Spark RDD methods (Python)

RDDs have actions, which return values, and transformations, which return new RDDs.

ref:
http://spark.apache.org/docs/latest/programming-guide.html#transformations
http://spark.apache.org/docs/latest/api/scala/index.html#org.apache.spark.rdd.PairRDDFunctions

map()

map() 接受一個 function:func(row),這個 function 的輸入參數是 RDD 的每個元素(用 DataFrame 的角度,你也可以想成是每個 row),return 一個任意物件(例如一個 int、一個 string 或一個 tuple)。所以 map() 之後會得到一個 row 數相同的 RDD。

import pyspark.sql.functions as F

matrix = [
    (1, 1, 1),
    (1, 2, 1),
    (1, 3, 1),
    (1, 6, 0),
    (2, 6, 1),
    (3, 1, 1),
    (3, 5, 1),
    (4, 1, 0),
    (4, 4, 1),
]
df = spark.createDataFrame(matrix, ['k', 'v', 'whatever'])
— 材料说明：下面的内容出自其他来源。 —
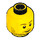 LEGO Gelb Schmucklos Kopf mit Stubble, Smile / Crinkled Mouth und Invertiert Eyebrows (Sicherheitsbolzen) (88944 / 90227)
df.rdd.map(lambda row: (row[0], row[1])).collect()
# [(1, 1), (1, 2), (1, 3), (1, 6), (2, 6), (3, 1), (3, 5), (4, 1), (4, 4)]

flatMap()

flatMap()map() 類似,接受一個 function:func(row),這個 function 的輸入參數是 RDD 的每個 row,差別在於 flatMap() 只能回傳一個 iterable 物件(例如一個 tuple 或 list,但是可以是空的),而且 flatMap() 會把 return 的結果攤平。所以 flatMap() 之後的長度可能會比原本的 RDD 大或小。

matrix = [
    (1, 1, 1),
    (1, 2, 1),
    (1, 3, 1),
    (1, 6, 0),
    (2, 6, 1),
    (3, 1, 1),
    (3, 5, 1),
    (4, 1, 0),
    (4, 4, 1),
]
df = spark.createDataFrame(matrix, ['k', 'v', 'whatever'])

df.rdd.flatMap(lambda row: (row[0], row[1])).collect()
# [1, 1, 1, 2, 1, 3, 1, 6, 2, 6, 3, 1, 3, 5, 4, 1, 4, 4]

df.rdd.flatMap(lambda row: (row[2], )).collect()
# [1, 1, 1, 0, 1, 1, 1, 0, 1]

ref:
http://apachesparkbook.blogspot.tw/2015/05/difference-between-map-flatmap-in-rdd.html
http://stackoverflow.com/questions/42867457/map-each-element-of-a-list-in-spark
http://stackoverflow.com/questions/21096432/list-or-iterator-of-tuples-returned-by-map-pyspark

reduce()

reduce() 接受一個 function:func(element1, element2),這個 function 的輸入參數是 RDD 的兩兩元素,return 單一物件,最後整個 reduce() 會得到一個值。

array = [
    1,
    5,
    4,
    2,
    3,
]
rdd = sc.parallelize(array)

rdd.reduce(lambda element1, element2: element1 + element2)
# 15

def max(element1, element2):
    return element1 if element1 > element2 else element2

rdd.reduce(max)
# 5

treeReduce()

普通的 reduce() 會直接把每一個 partition 的 reduce 結果送回 driver machine 做最後運算,當 partition 很多和每個 partition 的資料量很大的時候可能會是一個瓶頸。這時候你可以改用 treeReduce(),不過使用不當的話反而會有反效果。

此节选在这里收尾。